What are the advantages and disadvantages of each one?

Also, I'm unclear on which platforms they run on. I assume tk-win is
only for Windows. How about the other two?

From: Roger Pack on
Eric Christopherson wrote:
> In the recent discussion of installing Tk in a Windows Ruby
> installation, I learned of the existence of tk-win. I already knew
> about tk_as_gem and ffi-tk.
>
> What are the advantages and disadvantages of each one?
>
> Also, I'm unclear on which platforms they run on. I assume tk-win is
> only for Windows. How about the other two?

tk-win is "brand new" and is basically tk_as_gem for 1.9.x

Cheers!
-r
--
Posted via http://www.ruby-forum.com/.

From: Michael Fellinger on
On Sat, Jul 24, 2010 at 7:12 AM, Eric Christopherson
<echristopherson(a)gmail.com> wrote:
> In the recent discussion of installing Tk in a Windows Ruby
> installation, I learned of the existence of tk-win. I already knew
> about tk_as_gem and ffi-tk.
>
> What are the advantages and disadvantages of each one?
>
> Also, I'm unclear on which platforms they run on. I assume tk-win is
> only for Windows. How about the other two?
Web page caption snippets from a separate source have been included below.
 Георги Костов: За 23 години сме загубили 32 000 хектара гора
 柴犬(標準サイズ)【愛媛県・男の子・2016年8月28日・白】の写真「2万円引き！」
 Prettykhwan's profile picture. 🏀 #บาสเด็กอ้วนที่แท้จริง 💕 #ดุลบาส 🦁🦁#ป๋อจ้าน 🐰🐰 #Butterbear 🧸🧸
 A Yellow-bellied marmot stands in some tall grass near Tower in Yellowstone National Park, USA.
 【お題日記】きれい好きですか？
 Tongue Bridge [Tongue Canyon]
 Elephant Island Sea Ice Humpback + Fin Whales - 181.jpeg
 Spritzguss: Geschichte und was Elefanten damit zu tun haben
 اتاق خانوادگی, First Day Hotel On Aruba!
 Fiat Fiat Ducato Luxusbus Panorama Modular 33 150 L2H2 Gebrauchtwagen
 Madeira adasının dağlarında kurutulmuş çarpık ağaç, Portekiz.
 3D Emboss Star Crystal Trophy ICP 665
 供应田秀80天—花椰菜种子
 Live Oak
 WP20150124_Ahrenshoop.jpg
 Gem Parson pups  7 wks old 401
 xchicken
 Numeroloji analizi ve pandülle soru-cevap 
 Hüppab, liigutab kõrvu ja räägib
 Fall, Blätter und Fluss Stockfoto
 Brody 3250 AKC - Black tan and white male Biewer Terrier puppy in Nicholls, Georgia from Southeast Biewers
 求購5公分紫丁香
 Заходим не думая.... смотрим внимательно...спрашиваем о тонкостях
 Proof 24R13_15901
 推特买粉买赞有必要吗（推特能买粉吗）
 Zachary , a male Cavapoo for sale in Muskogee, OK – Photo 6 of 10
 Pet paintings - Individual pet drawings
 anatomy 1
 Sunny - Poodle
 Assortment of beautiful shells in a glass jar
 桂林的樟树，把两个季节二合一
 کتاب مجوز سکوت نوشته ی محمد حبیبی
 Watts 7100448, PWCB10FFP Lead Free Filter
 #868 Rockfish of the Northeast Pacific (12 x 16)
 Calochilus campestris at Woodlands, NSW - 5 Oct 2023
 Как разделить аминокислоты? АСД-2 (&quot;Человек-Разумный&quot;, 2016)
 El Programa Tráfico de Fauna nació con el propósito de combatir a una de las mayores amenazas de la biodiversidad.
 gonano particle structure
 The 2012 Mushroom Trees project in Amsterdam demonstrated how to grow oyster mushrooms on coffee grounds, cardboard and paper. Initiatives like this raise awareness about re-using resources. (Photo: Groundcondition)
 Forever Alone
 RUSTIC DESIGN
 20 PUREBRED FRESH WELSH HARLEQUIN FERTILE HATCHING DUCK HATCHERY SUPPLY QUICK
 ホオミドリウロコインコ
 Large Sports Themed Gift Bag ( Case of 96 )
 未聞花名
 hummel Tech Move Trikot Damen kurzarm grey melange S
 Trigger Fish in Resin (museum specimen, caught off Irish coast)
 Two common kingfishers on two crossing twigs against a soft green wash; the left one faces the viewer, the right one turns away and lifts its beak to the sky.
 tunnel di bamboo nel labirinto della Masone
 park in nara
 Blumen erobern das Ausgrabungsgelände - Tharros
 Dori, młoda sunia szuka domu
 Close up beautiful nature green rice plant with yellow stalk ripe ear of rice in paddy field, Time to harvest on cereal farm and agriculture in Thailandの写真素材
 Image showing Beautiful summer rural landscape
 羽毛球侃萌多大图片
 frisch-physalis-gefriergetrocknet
FFI::Tk runs on linux and windows, also on osx with X11.
All it needs is the tcl/tk .dll/.so/.dylib, and it has the most common
paths setup already, and it doesn't require compilation.
It also depends on Ruby 1.9, both in syntax and encoding support, so
MRI 1.9.1 is the platform supported best, followed by jruby --1.9.
The API is a drop-in replacement for ruby-tk, because I think that
ruby-tk is way too excessive with aliasing and convenience-methods.
All FFI:Tk tries to give you is a 1:1 mapping of Ruby:Tk and some
basic Tcl, so it should be easy to use.